> [What to produce] At the line with "Wilton Easy Flex", start repeating the data, and continue line by line through the final line, exactly.

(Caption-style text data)
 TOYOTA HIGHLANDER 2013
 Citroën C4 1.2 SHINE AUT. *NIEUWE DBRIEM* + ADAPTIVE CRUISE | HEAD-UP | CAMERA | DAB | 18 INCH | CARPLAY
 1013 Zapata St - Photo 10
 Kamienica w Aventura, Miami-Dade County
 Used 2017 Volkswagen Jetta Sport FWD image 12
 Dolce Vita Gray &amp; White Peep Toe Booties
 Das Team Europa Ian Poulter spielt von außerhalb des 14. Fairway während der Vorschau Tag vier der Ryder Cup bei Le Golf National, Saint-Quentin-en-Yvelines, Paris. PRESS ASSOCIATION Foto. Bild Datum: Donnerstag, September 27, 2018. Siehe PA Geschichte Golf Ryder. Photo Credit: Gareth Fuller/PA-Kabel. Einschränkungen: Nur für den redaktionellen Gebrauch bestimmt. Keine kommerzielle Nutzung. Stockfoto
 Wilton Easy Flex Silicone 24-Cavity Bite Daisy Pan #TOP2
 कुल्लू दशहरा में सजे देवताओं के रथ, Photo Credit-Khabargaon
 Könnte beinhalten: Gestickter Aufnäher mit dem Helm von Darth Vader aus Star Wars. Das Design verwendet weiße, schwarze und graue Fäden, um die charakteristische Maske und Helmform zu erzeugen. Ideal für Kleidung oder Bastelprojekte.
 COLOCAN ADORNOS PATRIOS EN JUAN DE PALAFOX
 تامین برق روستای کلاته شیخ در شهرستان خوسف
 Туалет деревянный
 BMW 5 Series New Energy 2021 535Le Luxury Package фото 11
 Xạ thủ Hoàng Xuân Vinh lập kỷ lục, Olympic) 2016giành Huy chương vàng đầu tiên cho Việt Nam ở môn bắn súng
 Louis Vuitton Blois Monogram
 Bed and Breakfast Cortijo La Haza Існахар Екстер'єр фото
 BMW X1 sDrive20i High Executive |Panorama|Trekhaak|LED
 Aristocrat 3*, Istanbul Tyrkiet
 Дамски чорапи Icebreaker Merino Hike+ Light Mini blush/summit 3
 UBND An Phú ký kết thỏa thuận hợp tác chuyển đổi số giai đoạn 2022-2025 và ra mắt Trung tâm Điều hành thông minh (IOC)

> [Task solution]
 Wilton Easy Flex Silicone 24-Cavity Bite Daisy Pan #TOP2
 कुल्लू दशहरा में सजे देवताओं के रथ, Photo Credit-Khabargaon
 Könnte beinhalten: Gestickter Aufnäher mit dem Helm von Darth Vader aus Star Wars. Das Design verwendet weiße, schwarze und graue Fäden, um die charakteristische Maske und Helmform zu erzeugen. Ideal für Kleidung oder Bastelprojekte.
 COLOCAN ADORNOS PATRIOS EN JUAN DE PALAFOX
 تامین برق روستای کلاته شیخ در شهرستان خوسف
 Туалет деревянный
 BMW 5 Series New Energy 2021 535Le Luxury Package фото 11
 Xạ thủ Hoàng Xuân Vinh lập kỷ lục, Olympic) 2016giành Huy chương vàng đầu tiên cho Việt Nam ở môn bắn súng
 Louis Vuitton Blois Monogram
 Bed and Breakfast Cortijo La Haza Існахар Екстер'єр фото
 BMW X1 sDrive20i High Executive |Panorama|Trekhaak|LED
 Aristocrat 3*, Istanbul Tyrkiet
 Дамски чорапи Icebreaker Merino Hike+ Light Mini blush/summit 3
 UBND An Phú ký kết thỏa thuận hợp tác chuyển đổi số giai đoạn 2022-2025 và ra mắt Trung tâm Điều hành thông minh (IOC)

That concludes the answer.